We noticed our Impala catalog server keeps crashing 4 times a week and that our queries took too much time. Then we realized we have way too much files and partitions. We were working with DT partitions on an hourly basis, no matter the size of the partitions.
That way after 2 years we had tables with 17GB of data and 17,000 partitions — which means each partition is about 1mb. We had tables with partitions at the size of 50KB. And if thats not enough, some of those small partitions had multiple files in them.
At the beginning we thought that this unreasonable amount of files is only causing our metadata to be too big and that’s why the refreshes are so heavy and the catalog server is crashing. But then we realized that the amount of files also affects our query performance very badly (because the number of scanner threads required to read so many parquet files).
How badly? We performed a test on an actual 500MB table we have, with 17,280(!) partitions and files. We created a new merged version of this table with only 2 files, 1 per year. The SCAN HDFS part in the query execution summary was 2,000 times faster. That was the part we understood just about how much our small files are hurting us.
So we started to manage our partitions and merge them into the optimal file size which is about 256mb.
Tables with an hourly partitioning became daily, monthly or yearly partitioned. Each partition has only 1 file (unless its size is > 256mb)
Configure Coordinators & Executors Per Daemon
Since Impala 2.9 you can determine which impala daemons are coordinators and which are executors. That’s an enormous change because before that — all the daemons were coordinators and executors and the overhead of being a coordinator is very resource consuming for big clusters.
It means for example that every node keeps all the metadata cache in his RAM. And if you have for instance, 20GB metadata and 50 nodes — that means a waste of 1TB of RAM just because all of the nodes are also coordinators!
Test what is the best coordinators/executors rate for you and use it. Tip: start with 2 coordinators per cluster.
Column Data Types
At first we used STRING for all of our columns in all of the tables. It’s a really bad practice that hurt performance very much. You should try to choose the most fit type to the column out of all the data types Impala supports.
Impala Query Limits
You should use the Impala Admission Control to set different pools to different groups of users in order to limit the use of some users to X concurrent queries or Y memory. But even more than that — we’ve built our own system to handle problematic users and queries.
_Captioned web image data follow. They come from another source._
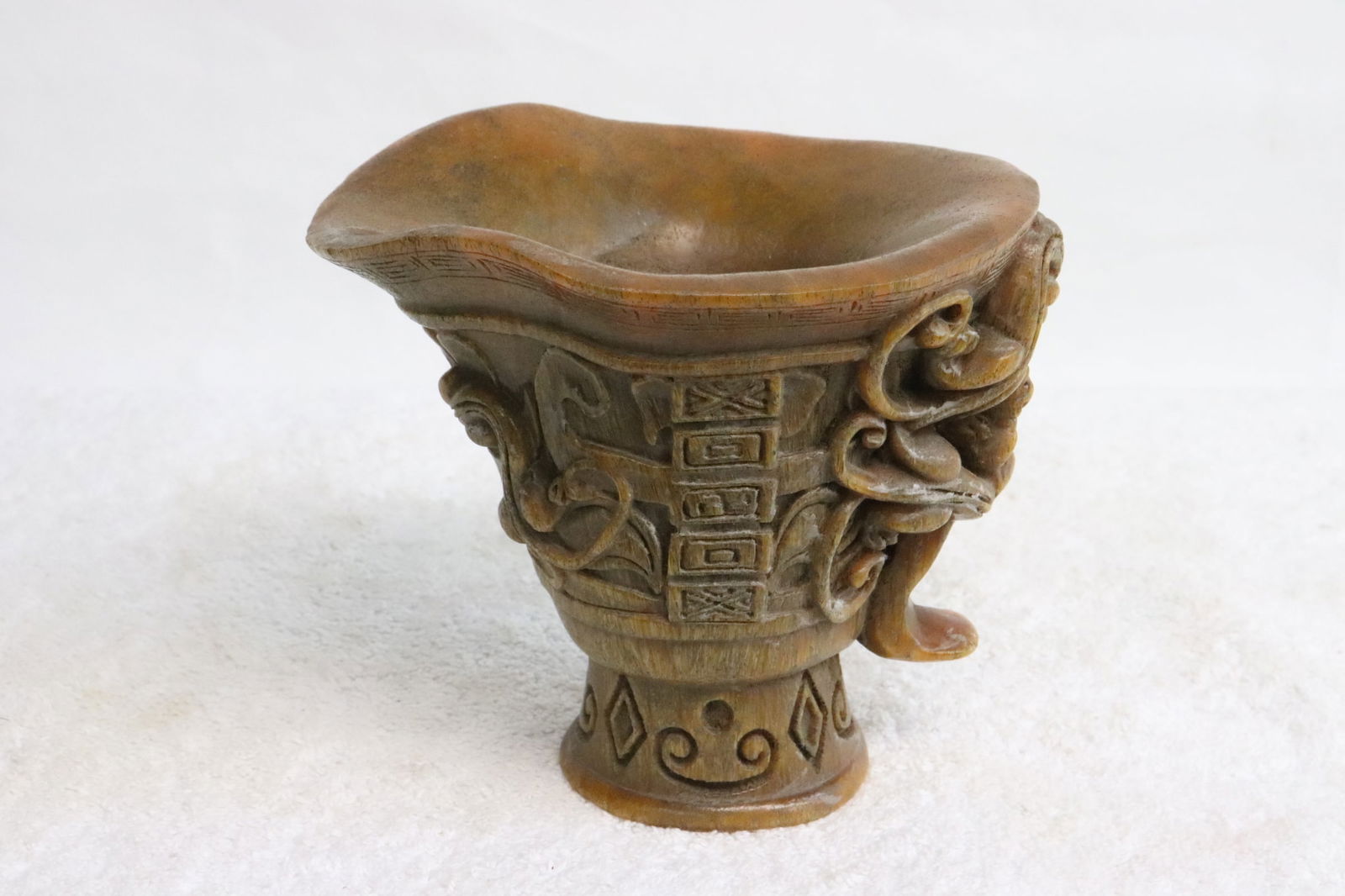 A simulated horn carved libation cup (1 of 8)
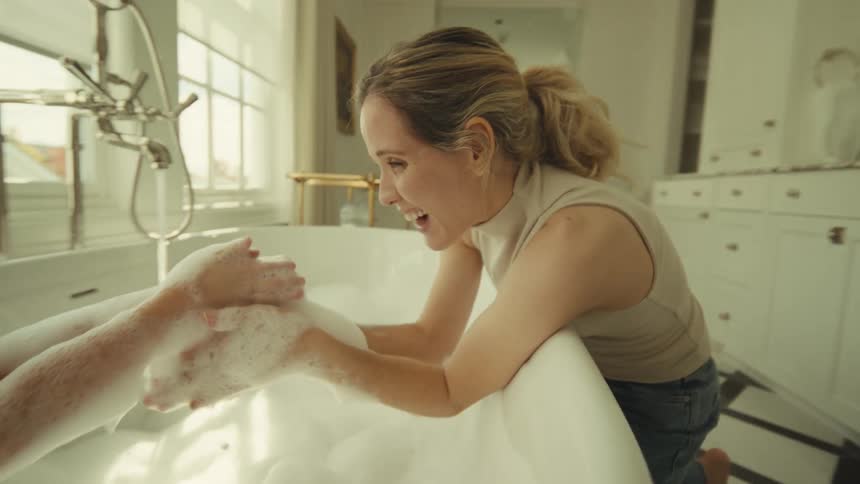 Mother and daughter playing with soap lather while bathing in a tub indoors during daytime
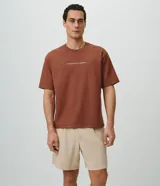 Remera de corte boxy y amplio, color marrón, con cuello redondo, mangas cortas y estampa frontal minimalista con texto en blanco.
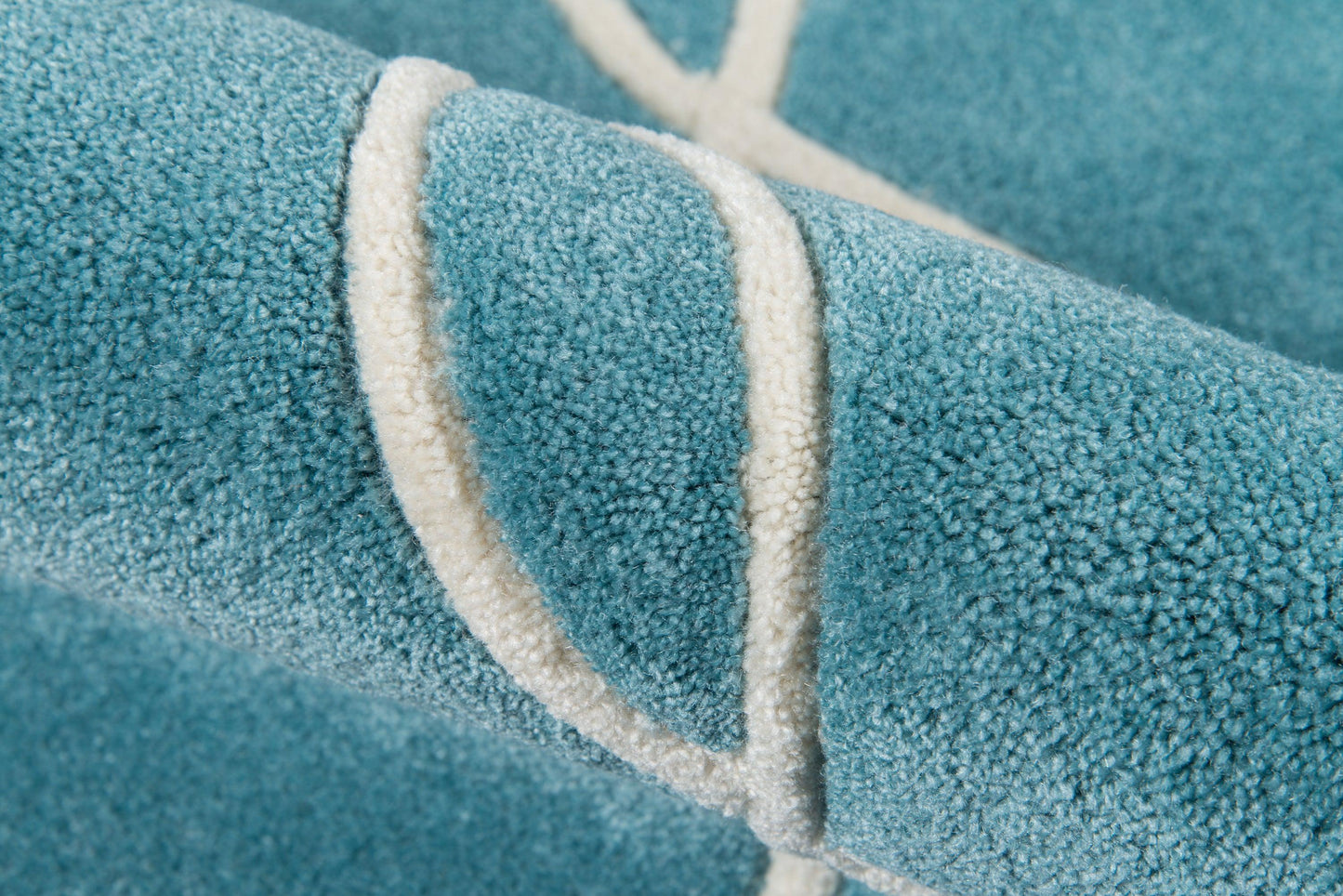 Teal blue plush rug runner with a white looped border, close-up of soft pile texture.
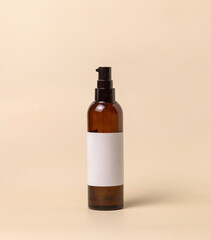 Cosmetic One pump glass bottle with blank label on light beige, packaging Mockup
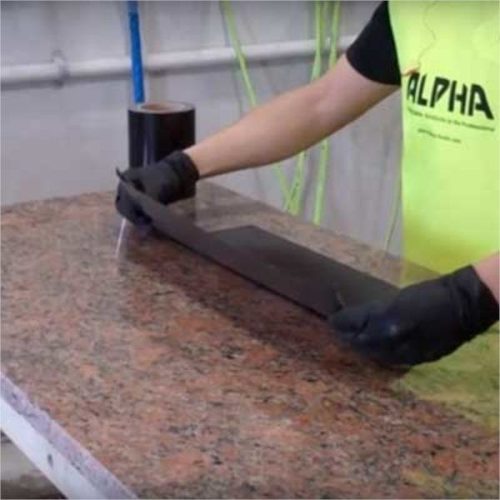 Worker applying Alpha Surface Protection Tape across a granite slab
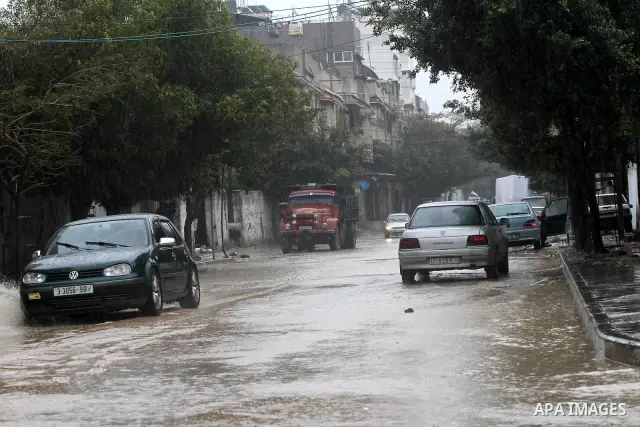 Palestinians drive their cars through a flooded street after heavy rain and cold winds, in the Gaza City, Feb. 01, 2012. Photo by Mohammed Asad
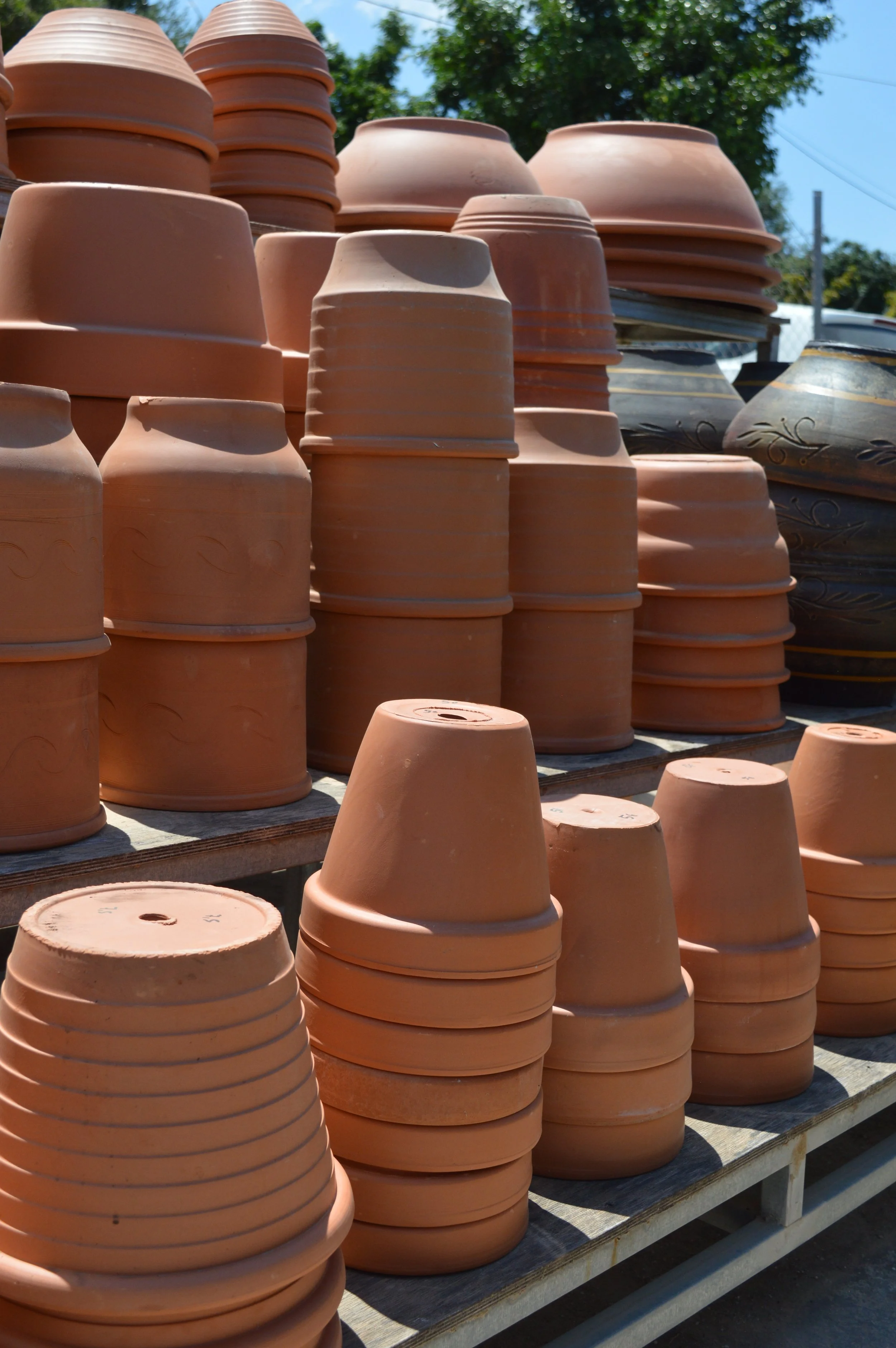 Stacks of unglazed terra cotta flowerpots arranged on wooden shelves outdoors, with a background of green trees and a blue sky.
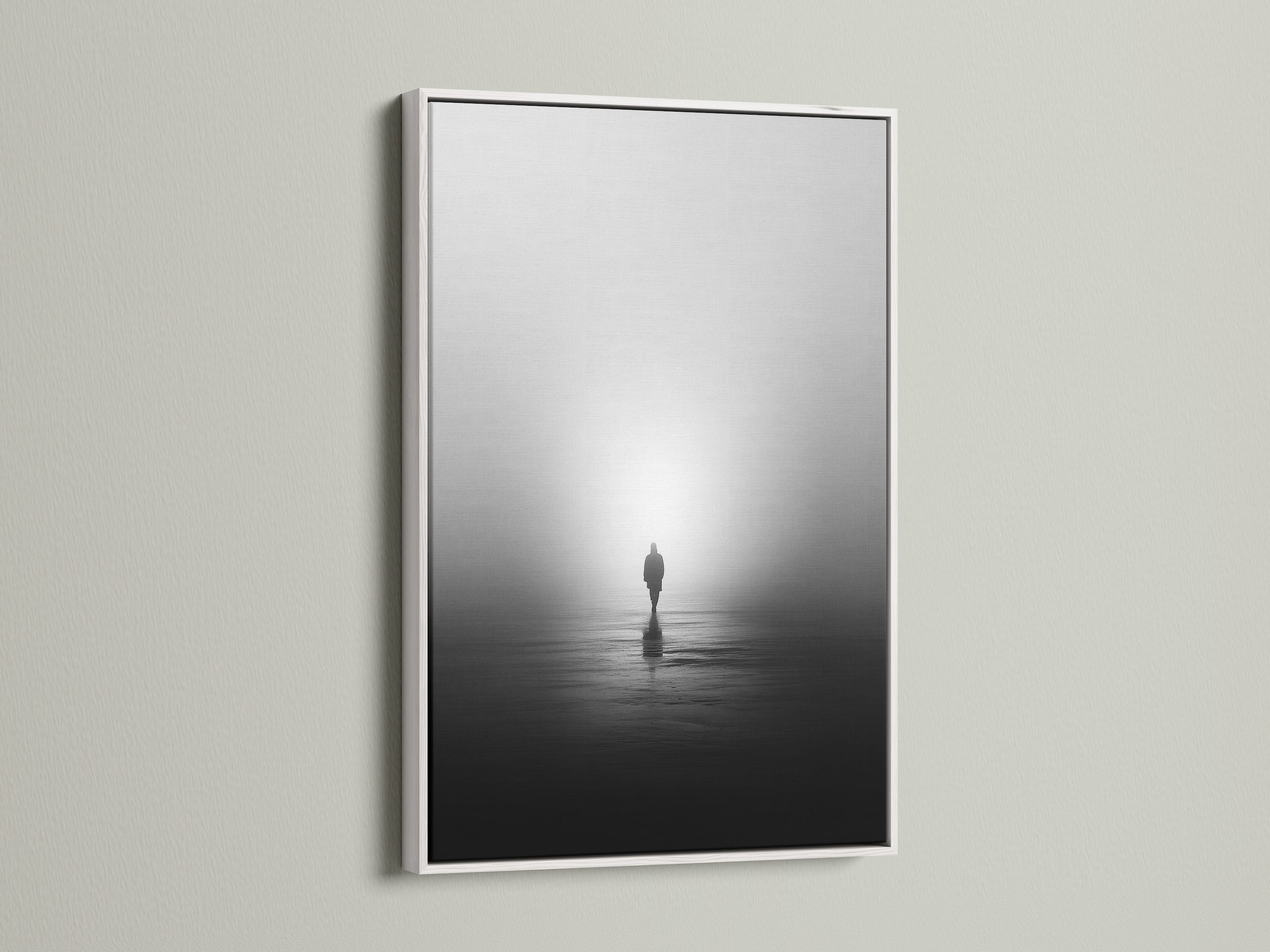 A white frame surrounds this minimalist solitude canvas print. The black and white artwork captures a foggy water reflection. Ideal for a peaceful artwork display. It complements contemporary wall decor.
Our system samples the currently running queries every 10 seconds and if a query is running for more than 30 minutes — it’s getting killed. If the same query template was killed 90% of the times last month because it took more than 30 minutes — our system will kill it immediately when recognizing the template, in order to protect our infrastructure.
Killing queries is not a new concept — Amazon Athena has done that before us, but kill queries only by problematic pattern — that’s something no one else does and that’s the only way to handle thousands of hungry analysts.
If you need to let your analysts perform ad-hoc, interactive SQL queries over your Hadoop — Impala is a great solution. You should read the Cloudera Impala Guide to become a really good Impala administrator and remember to work by the best practices I explained here.